== YOUR INSTRUCTIONS ==
Go through the entries below and print, exactly, the lines starting at the one with "Black Loriane Sandals" and ending at the one with "Alghero: Olive Grove", keeping both ends and no others.

== GIVEN RECORDS ==
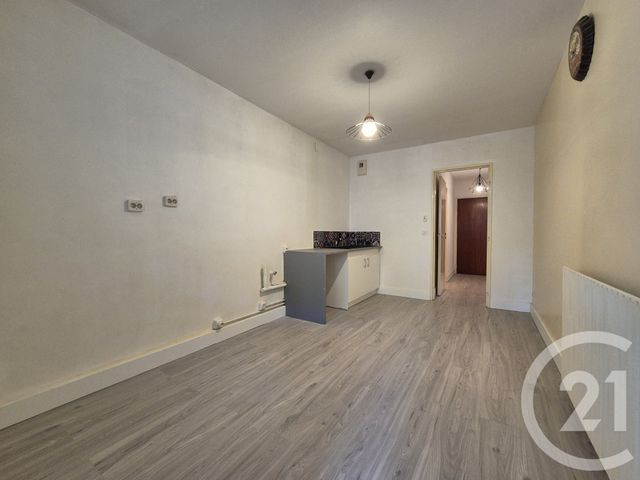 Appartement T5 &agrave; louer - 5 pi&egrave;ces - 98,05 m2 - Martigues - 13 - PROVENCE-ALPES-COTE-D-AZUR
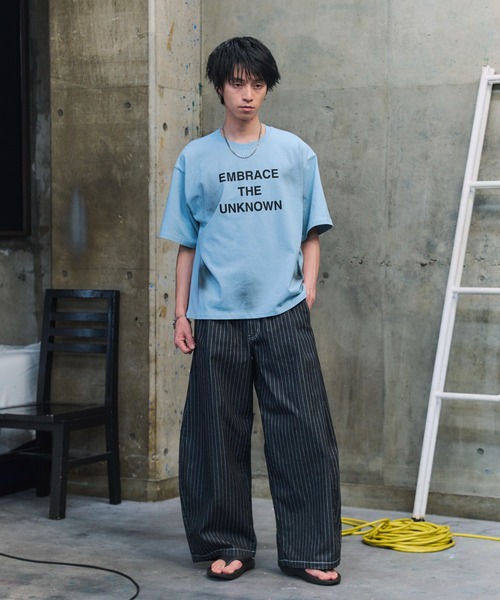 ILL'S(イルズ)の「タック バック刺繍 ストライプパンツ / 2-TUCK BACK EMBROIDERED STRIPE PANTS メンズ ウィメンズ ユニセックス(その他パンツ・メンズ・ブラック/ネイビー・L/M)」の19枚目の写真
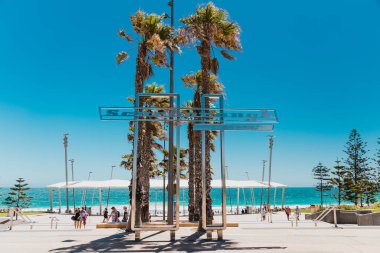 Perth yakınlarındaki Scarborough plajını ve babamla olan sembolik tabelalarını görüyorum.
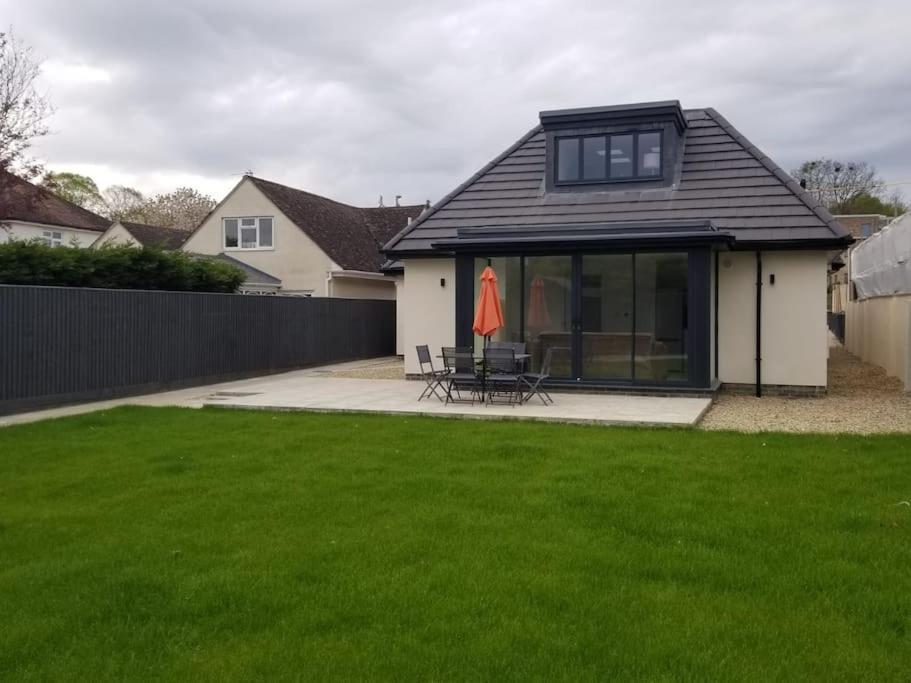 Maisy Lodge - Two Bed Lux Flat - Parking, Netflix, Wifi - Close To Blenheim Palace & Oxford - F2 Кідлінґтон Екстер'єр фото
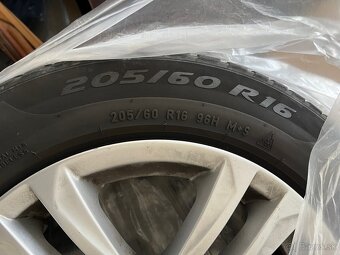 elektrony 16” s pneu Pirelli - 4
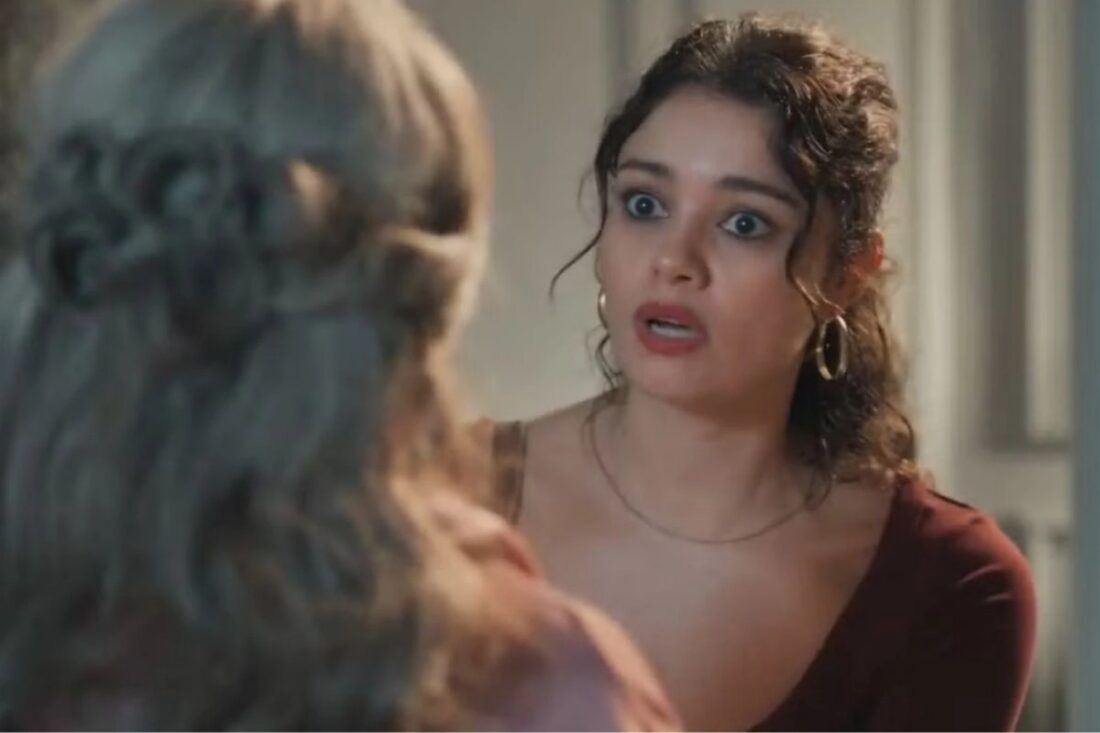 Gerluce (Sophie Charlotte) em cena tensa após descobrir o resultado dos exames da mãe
---
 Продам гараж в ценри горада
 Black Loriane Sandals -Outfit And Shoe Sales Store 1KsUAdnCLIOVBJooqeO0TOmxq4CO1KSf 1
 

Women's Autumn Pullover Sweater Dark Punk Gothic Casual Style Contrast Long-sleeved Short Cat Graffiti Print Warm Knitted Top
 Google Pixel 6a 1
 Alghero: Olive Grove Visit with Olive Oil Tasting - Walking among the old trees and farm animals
==
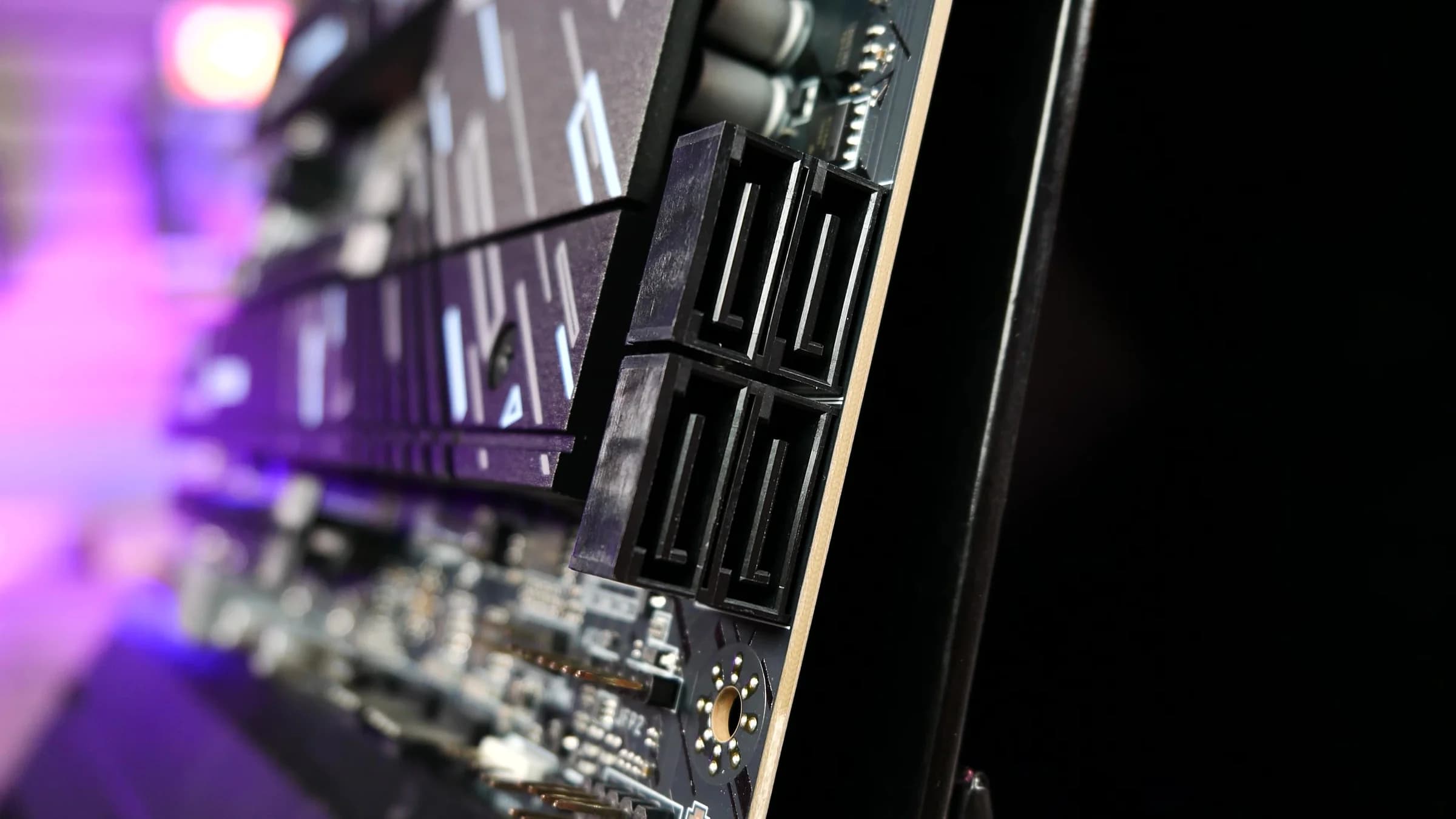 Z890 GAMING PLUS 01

== THE COMPLETED TASK ==
 Black Loriane Sandals -Outfit And Shoe Sales Store 1KsUAdnCLIOVBJooqeO0TOmxq4CO1KSf 1
 

Women's Autumn Pullover Sweater Dark Punk Gothic Casual Style Contrast Long-sleeved Short Cat Graffiti Print Warm Knitted Top
 Google Pixel 6a 1
 Alghero: Olive Grove Visit with Olive Oil Tasting - Walking among the old trees and farm animals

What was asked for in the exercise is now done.